**Exercise requirements:**
Write each entry out again verbatim, pictures excluded.

(Short descriptive text snippets)
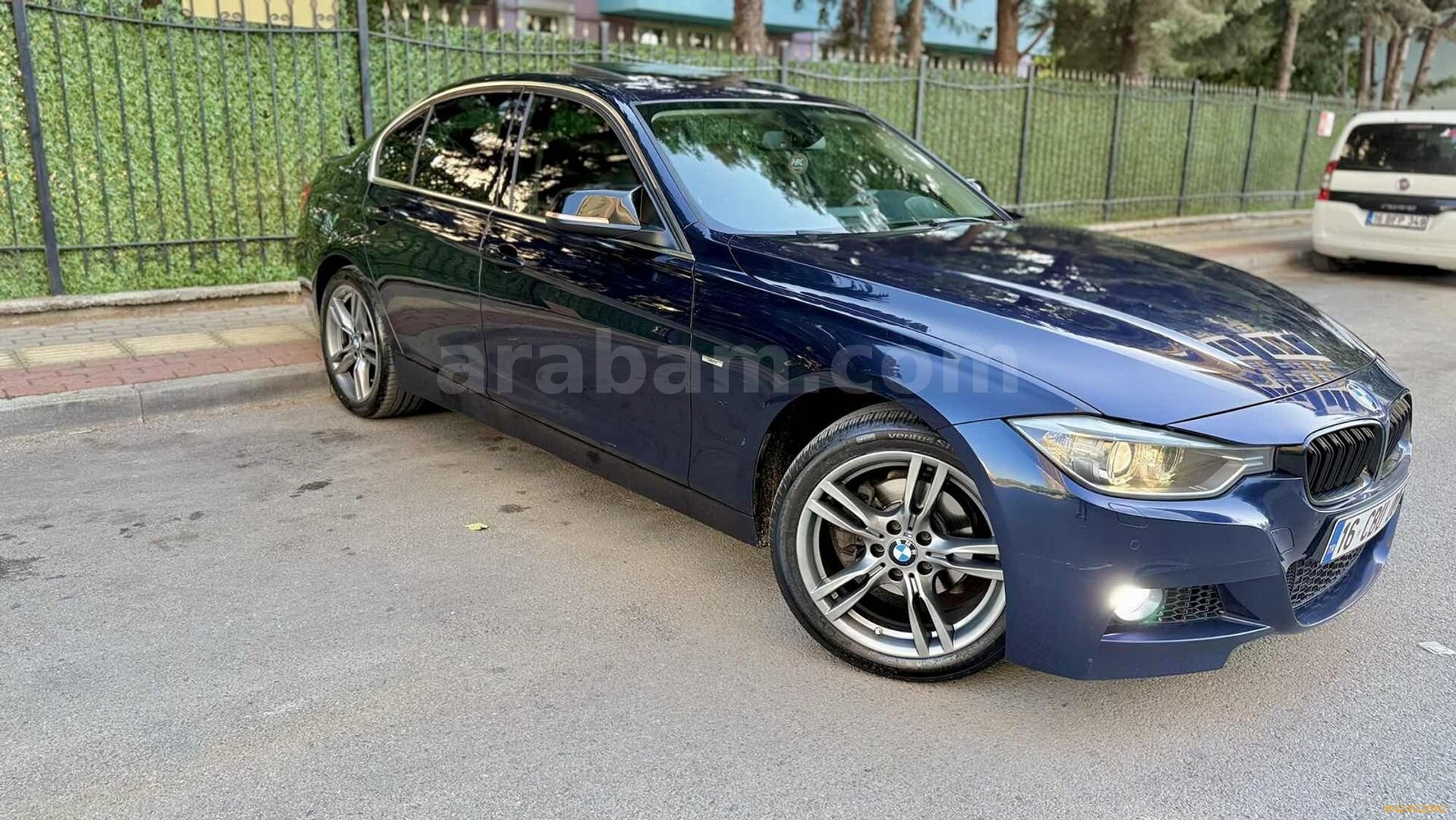 Galeriden BMW 3 Serisi 320i 2012 Model Bursa 246.000 km Lacivert 2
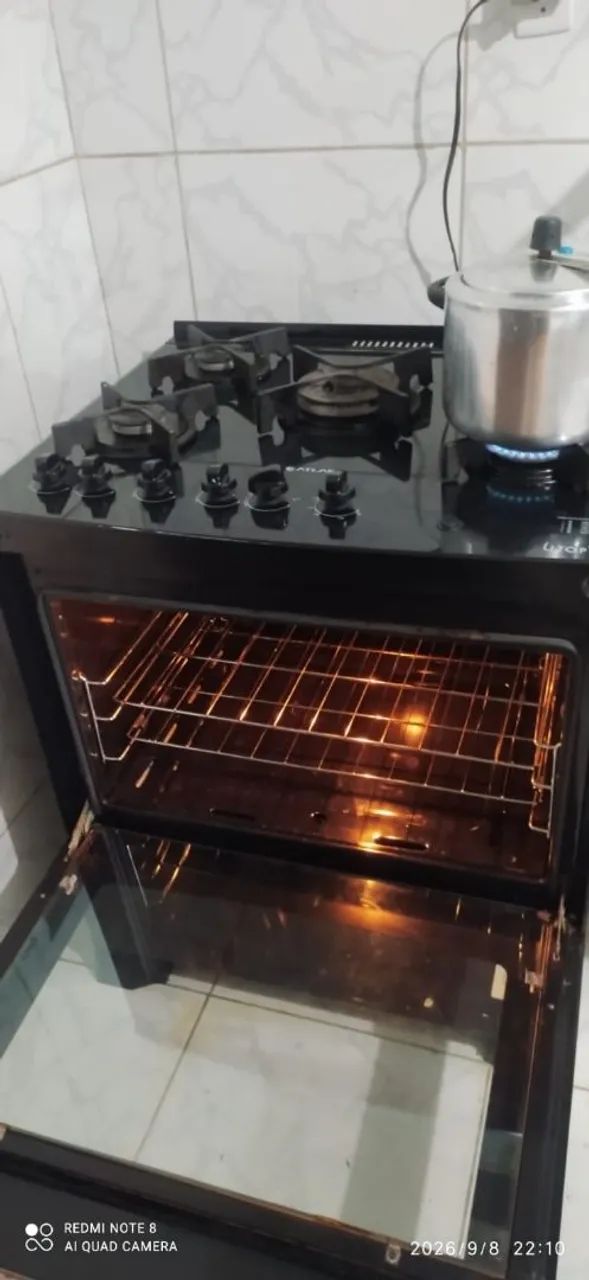Fogão com mesa de vidro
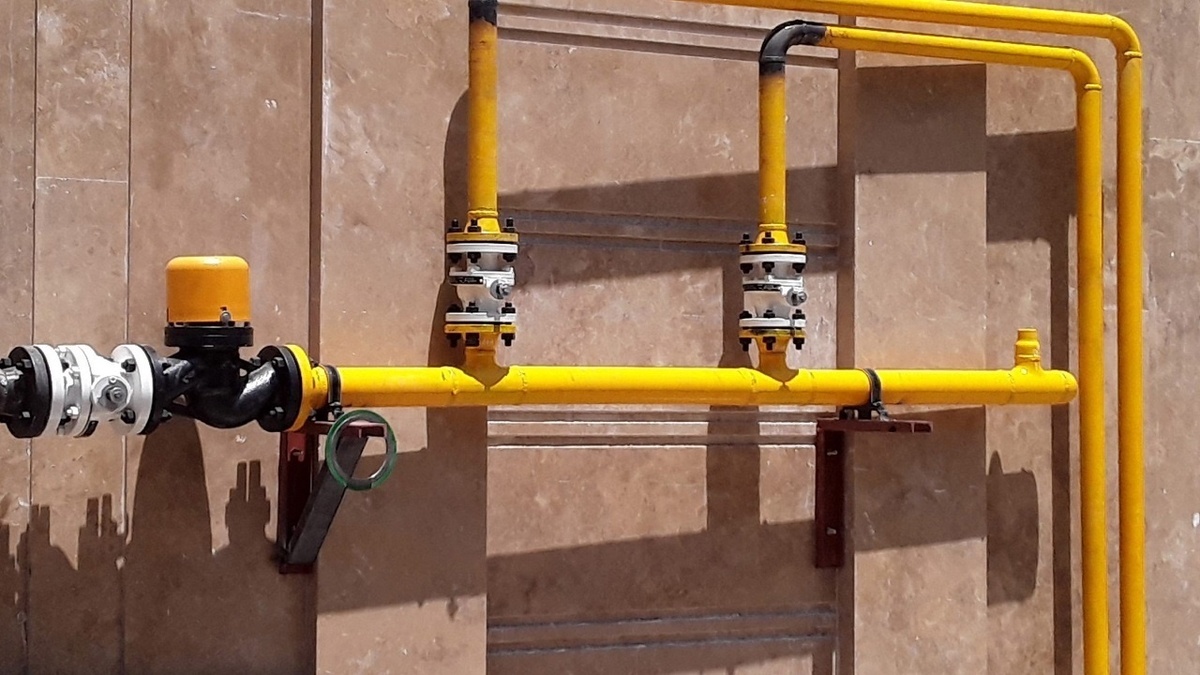 آئین انعقاد تفاهم‌نامه طرح لوله‌کشی رایگان گاز داخل منازل مددجویان تحت پوشش کمیته‌امداد امام‌خمینی (ره) و بهزیستی استان با تخصیص 50 میلیارد ریال اعتبار به همت شرکت گاز استان قزوین برگزار شد.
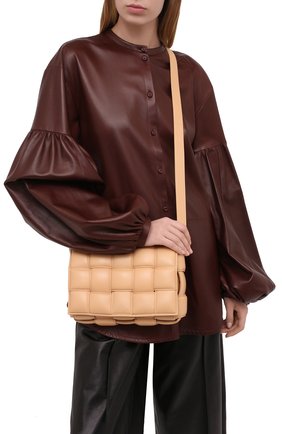Женская сумка padded cassette BOTTEGA VENETA бежевого цвета по цене 199500 руб., арт. 591970/VCQR1 | Фото 2 Женская сумка padded cassette BOTTEGA VENETA бежевого цвета, арт. 591970/VCQR1 | Фото 2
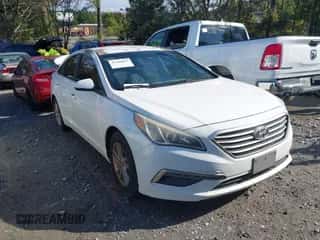 ✅ 2015 Hyundai Sonata SE • VIN: 5NPE24AF0FH002126 • Лот: 43404053. Опубликован ранее на IAAI с пробегом 300 771 миль. Бесплатный доступ к архиву аукционных продаж из США и подробный отчёт об истории автомобиля на DreamBid. Изображение 1.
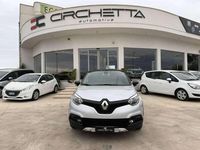 Usata Renault Captur Zen 90 CV (66 kW) 2016 Argento SUV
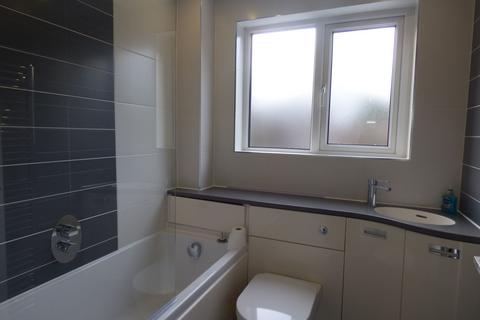 3 bedroom semi-detached house to rent, Alvington Grove, Stockport, SK7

**Final answer:**
 Galeriden BMW 3 Serisi 320i 2012 Model Bursa 246.000 km Lacivert 2
Fogão com mesa de vidro
 آئین انعقاد تفاهم‌نامه طرح لوله‌کشی رایگان گاز داخل منازل مددجویان تحت پوشش کمیته‌امداد امام‌خمینی (ره) و بهزیستی استان با تخصیص 50 میلیارد ریال اعتبار به همت شرکت گاز استان قزوین برگزار شد.
Женская сумка padded cassette BOTTEGA VENETA бежевого цвета по цене 199500 руб., арт. 591970/VCQR1 | Фото 2 Женская сумка padded cassette BOTTEGA VENETA бежевого цвета, арт. 591970/VCQR1 | Фото 2
 ✅ 2015 Hyundai Sonata SE • VIN: 5NPE24AF0FH002126 • Лот: 43404053. Опубликован ранее на IAAI с пробегом 300 771 миль. Бесплатный доступ к архиву аукционных продаж из США и подробный отчёт об истории автомобиля на DreamBid. Изображение 1.
 Usata Renault Captur Zen 90 CV (66 kW) 2016 Argento SUV
 3 bedroom semi-detached house to rent, Alvington Grove, Stockport, SK7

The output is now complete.